Please give the listing again in full, leaving out its images.

======== DATA ========

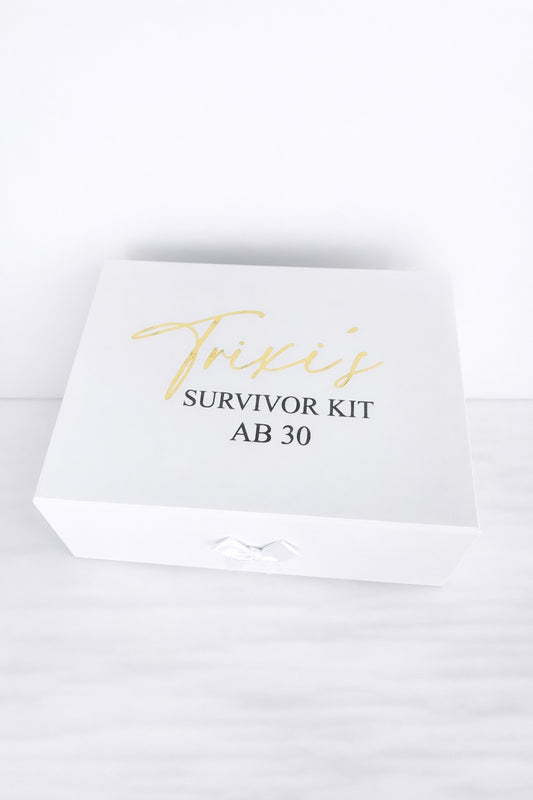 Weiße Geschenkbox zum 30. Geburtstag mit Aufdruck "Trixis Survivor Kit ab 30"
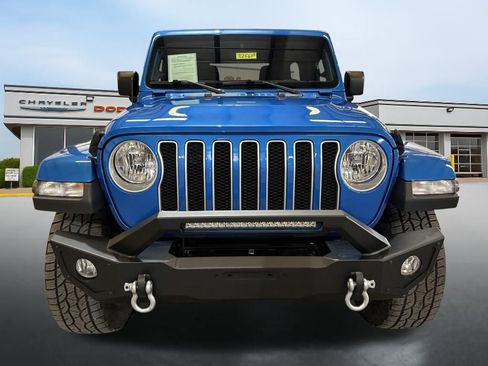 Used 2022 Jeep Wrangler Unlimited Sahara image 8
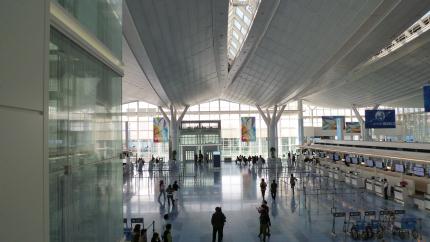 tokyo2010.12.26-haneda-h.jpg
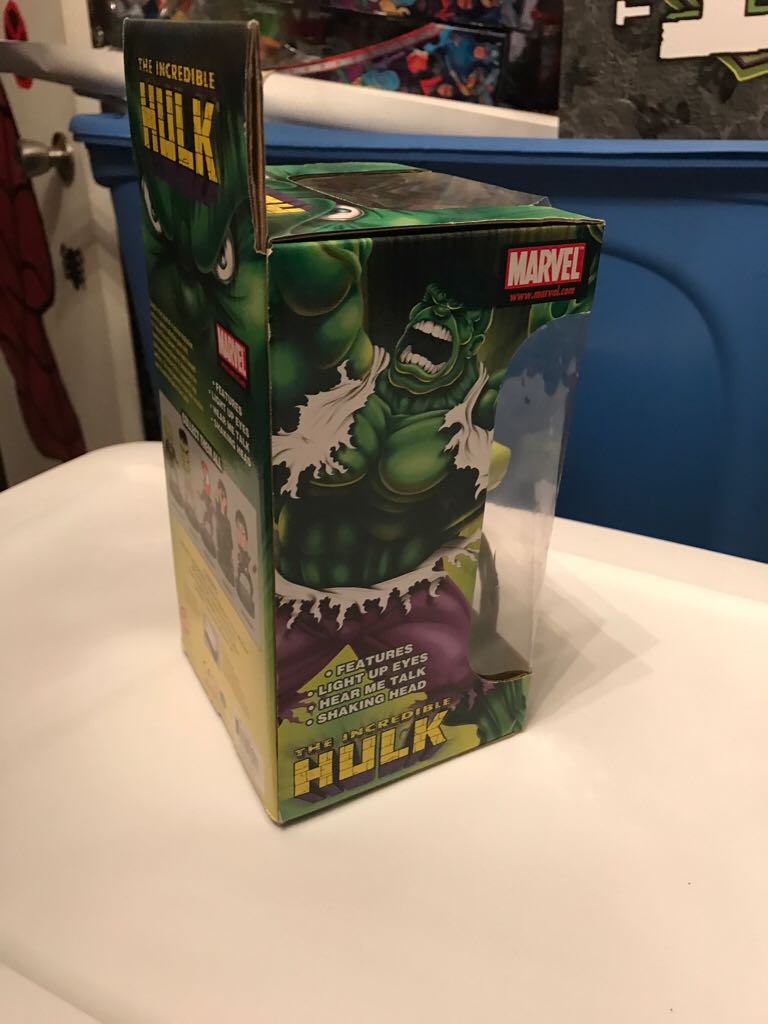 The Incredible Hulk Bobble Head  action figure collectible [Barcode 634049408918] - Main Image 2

========

▶ THE COMPLETED TASK
 Weiße Geschenkbox zum 30. Geburtstag mit Aufdruck "Trixis Survivor Kit ab 30"
 Used 2022 Jeep Wrangler Unlimited Sahara image 8
 tokyo2010.12.26-haneda-h.jpg
 The Incredible Hulk Bobble Head  action figure collectible [Barcode 634049408918] - Main Image 2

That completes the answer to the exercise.